* [MATERIAL FOR THIS EXERCISE]:
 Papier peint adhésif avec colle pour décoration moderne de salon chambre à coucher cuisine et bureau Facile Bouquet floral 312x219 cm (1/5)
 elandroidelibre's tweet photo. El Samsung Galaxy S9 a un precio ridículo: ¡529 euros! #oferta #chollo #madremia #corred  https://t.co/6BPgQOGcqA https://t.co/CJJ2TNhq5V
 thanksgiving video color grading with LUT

==

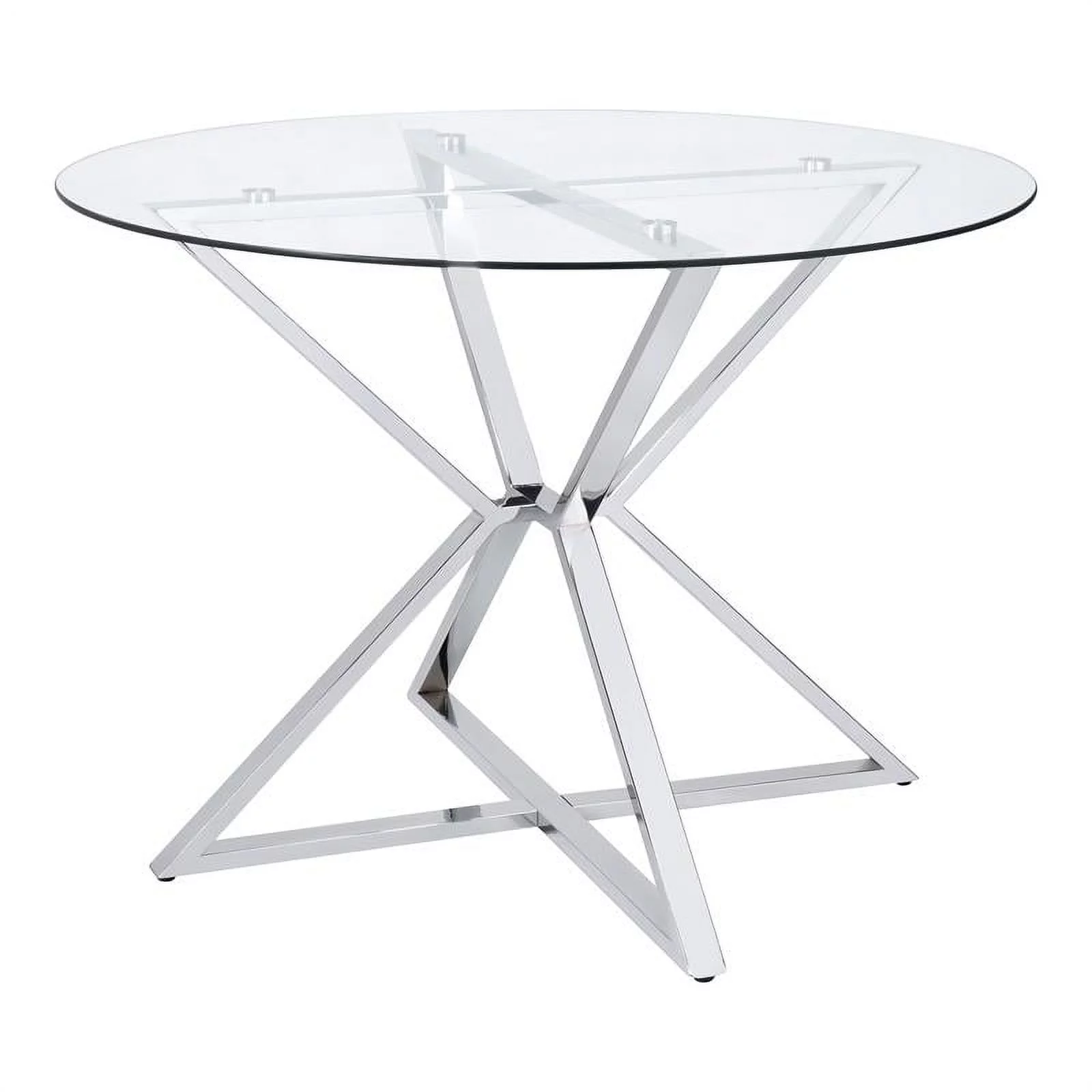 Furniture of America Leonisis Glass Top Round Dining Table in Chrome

---

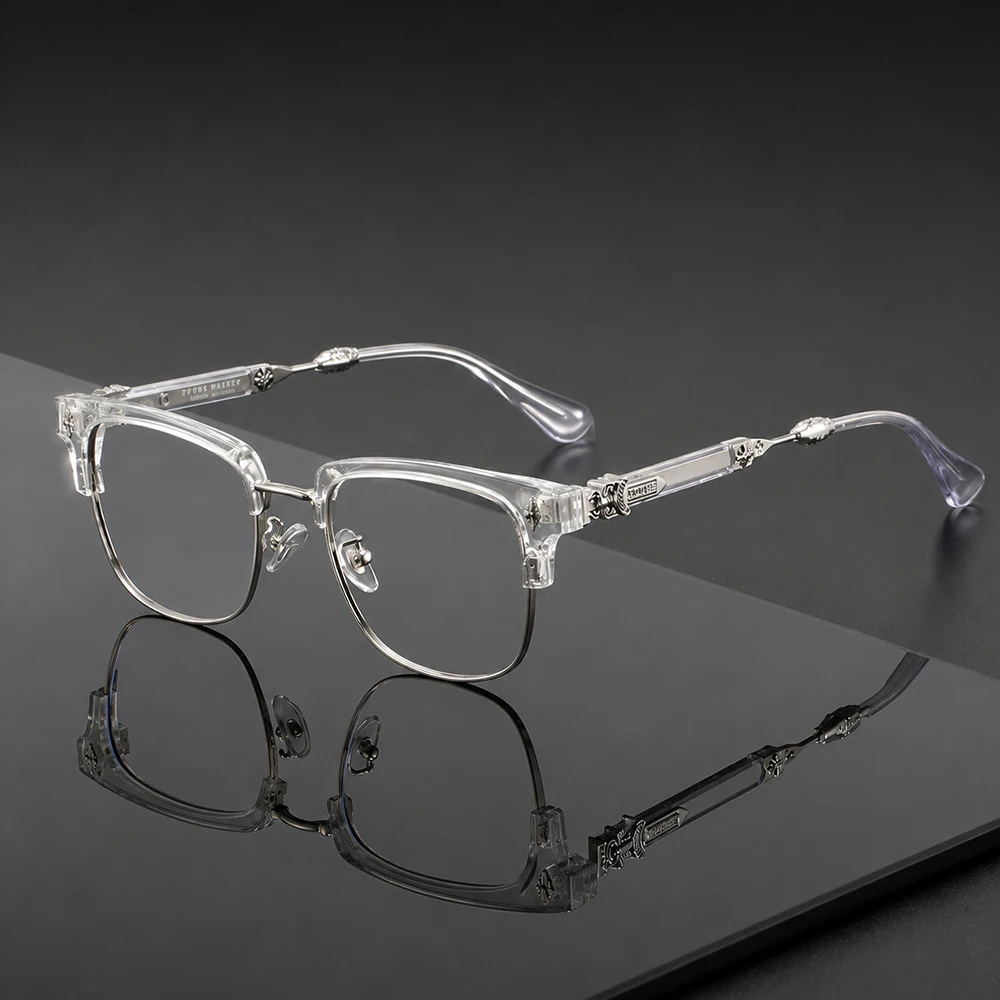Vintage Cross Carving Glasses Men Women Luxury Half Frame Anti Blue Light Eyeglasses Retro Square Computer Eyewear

* [TRY IT]:
Reproduce verbatim the lines above, from the line with "elandroidelibre's tweet photo." through the line with "thanksgiving video color grading with LUT".

* [YOUR SOLUTION]:
 elandroidelibre's tweet photo. El Samsung Galaxy S9 a un precio ridículo: ¡529 euros! #oferta #chollo #madremia #corred  https://t.co/6BPgQOGcqA https://t.co/CJJ2TNhq5V
 thanksgiving video color grading with LUT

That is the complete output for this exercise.